Wednesday, August 25, 2010

I Know, I Know - Everytime I Make Bullish Call On Silver...

it gets hit hard by the illegal manipulative activities of JP Morgan and HSBC.  BUT, here I go again.  I will preface this by saying that silver has an extraordinary reversal off of its 200 dma over the past 2 trading sessions - $17.75 to $19, or nearly 10% - so a consolidating pullback here would not surprise me.  Having said that, if you look at the chart below, silver appears poised to make a big move, with seasonal factors now blowing some wind into the sails of the poor man's gold.  I slightly modified this chart, which was posted in tonight's Midas at http://www.lemetropolecafe.com/ courtesy of  "Richard from the Scarborough Bullion Desk:"

(click on chart to enlarge)

This is a weekly chart of silver, and the relative positioning of the standard momentum indicators are tremendously bullish.  Also, as Richard pointed out, the bollinger bands have become quite narrow, indicative of a tightly "coiled" trading behavior which often makes a big break up or down.  As you can see, the last two "coils" made huge moves to the upside.  And finally, there's that massive inverse head n shoulders formation, with the "right shoulder" oscillating just below a potential breakout to the upside.  I know several long-time participants in the silver market think we could see the low $20's before the end of the year.  I also know one chart technician who believes this silver chart is pointing toward $30 sometime in the next 6-9 months. 

Personally, I'm not putting any price objectives on silver here.  I think if silver can get over the $19.60 area and hold, the sky is the limit.  Certainly new highs in the low-mid $20's would be my expectation.

And then there's the physical problem.  I know that Sprott is going to float its silver trust sometime in mid-late October.  I mentioned to a colleague that they may find it difficult to find $200 million worth of silver (the proposed offering size, roughly).  He said that they are aware of that issue...

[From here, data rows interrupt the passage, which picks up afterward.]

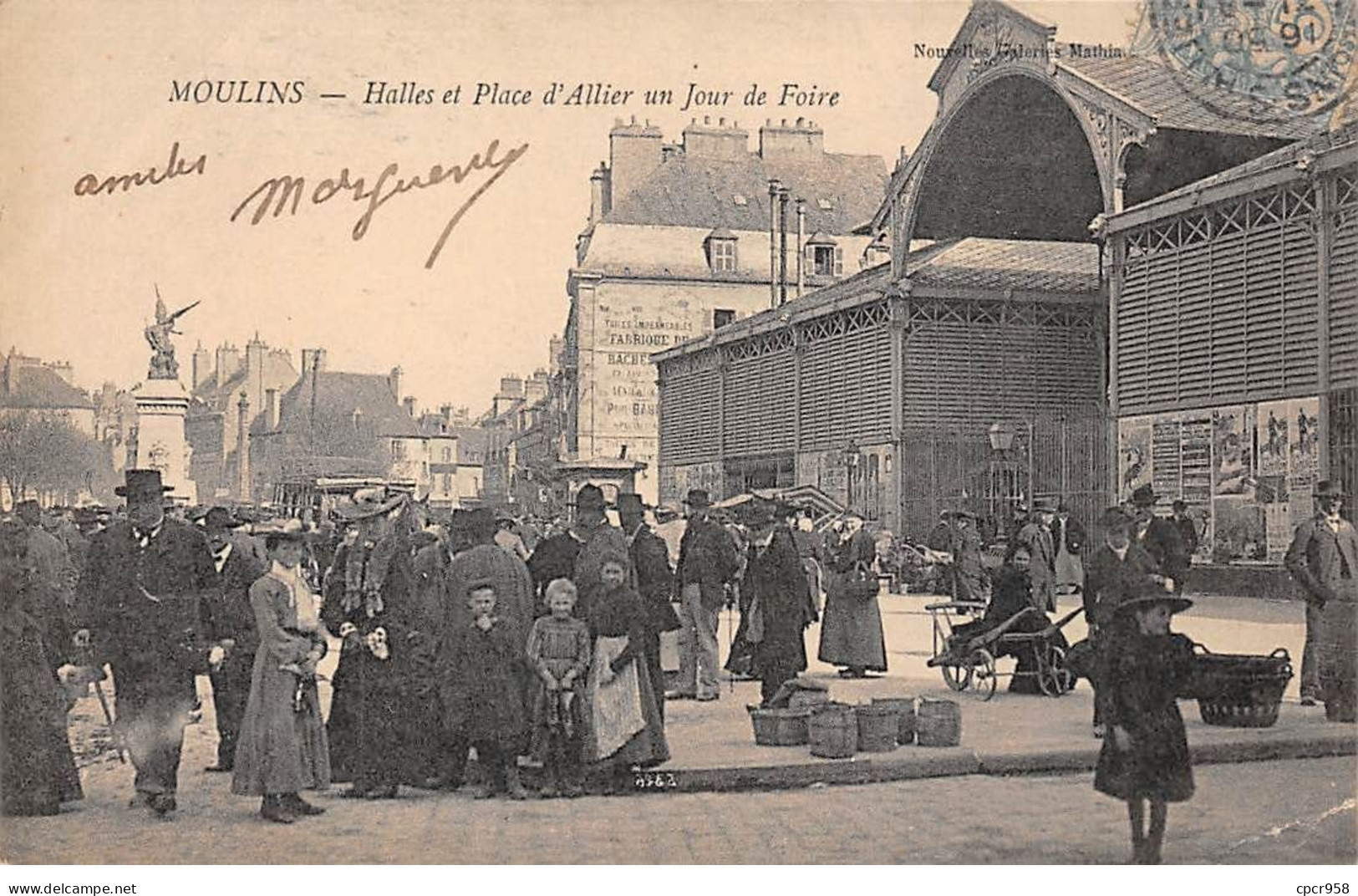 03 - N°72802 - MOULINS - Halles Et Place D'Allier Un Jour De Foire - Moulins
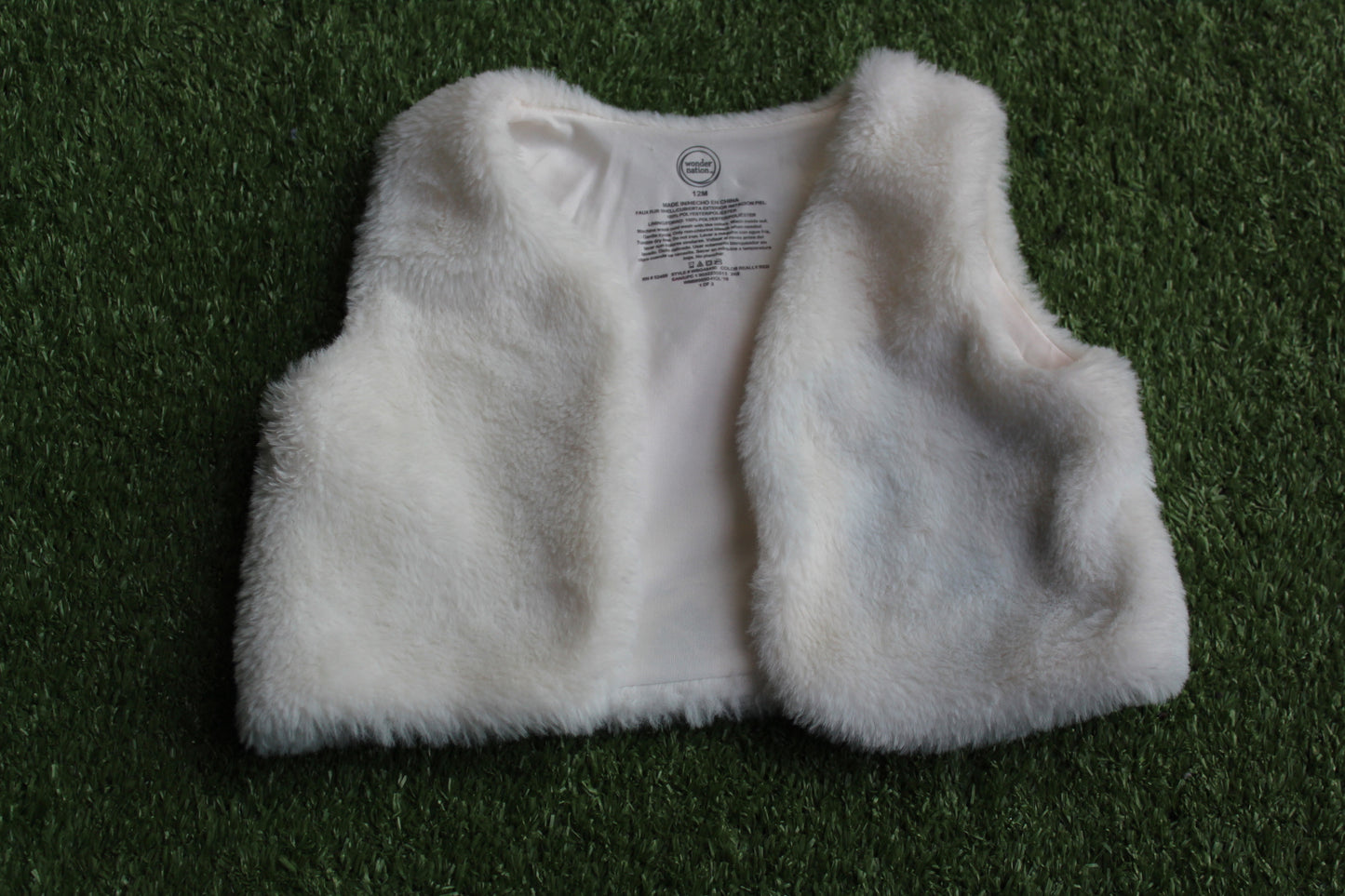 WonderNation Girl's white fur vest (12mon)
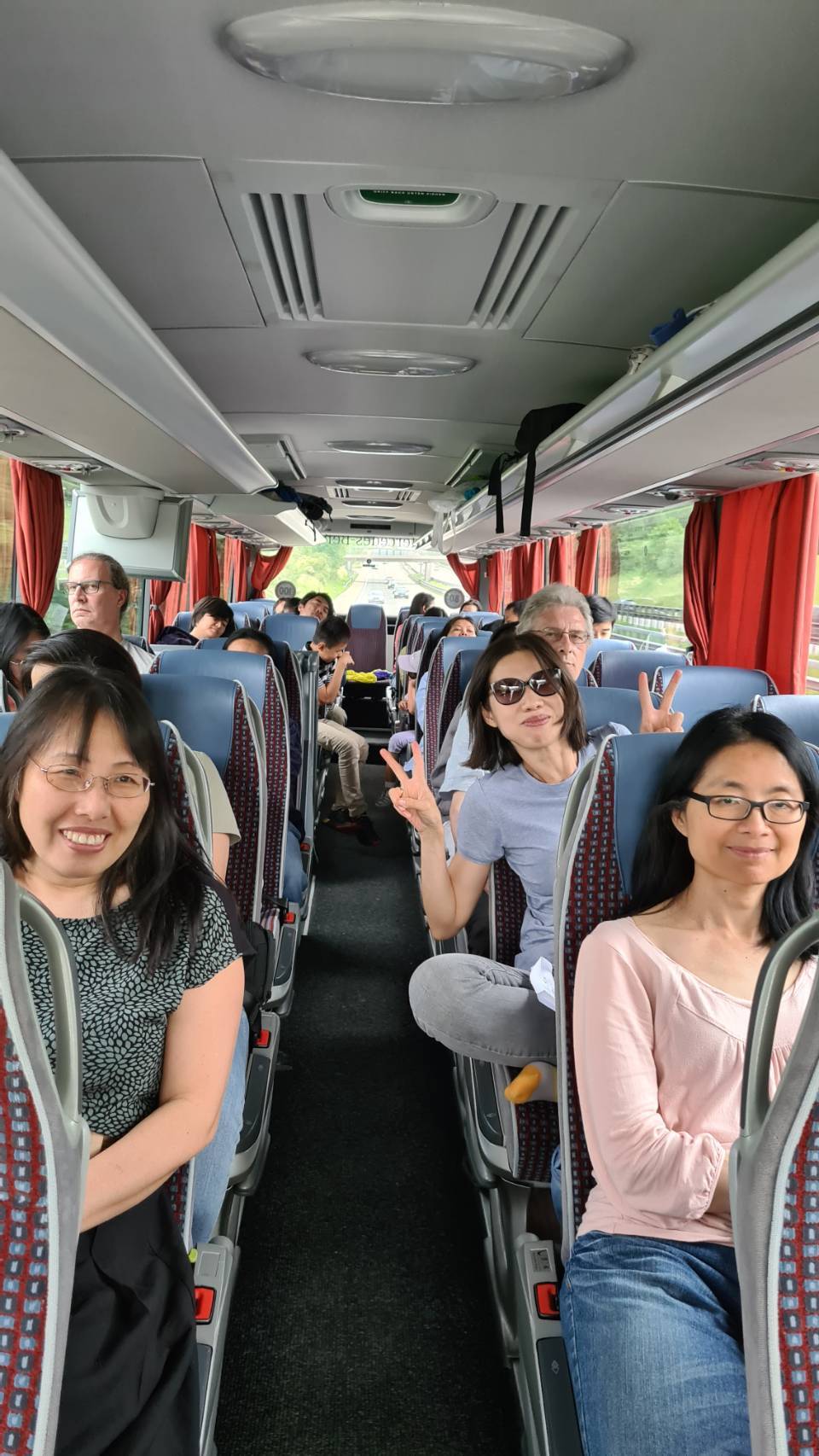 50位師生與家長在當天早上共同搭乘巴士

More evidence piles up:  Let's not forget the old gold/silver ratio.  In Roman times, the gold/silver exchange ratio was fixed at 8.  After The Fall, the ratio floated in mostly the teens.  Since the world has been on a steady fiat currency diet, the ration has spend most of its time somewhere between and 50 and 80, although in 1980 it fell back to 17.  Currently the ratio is approximately 64.  I expect that eventually we will see some regression to a long term mean ratio, but it will hit the teens again before the metals bull is over.  Here's an article from Bloomberg:   LINK Zombie U.S. investors are clueless, but as you can see, the real precious metals players globally understand the gig.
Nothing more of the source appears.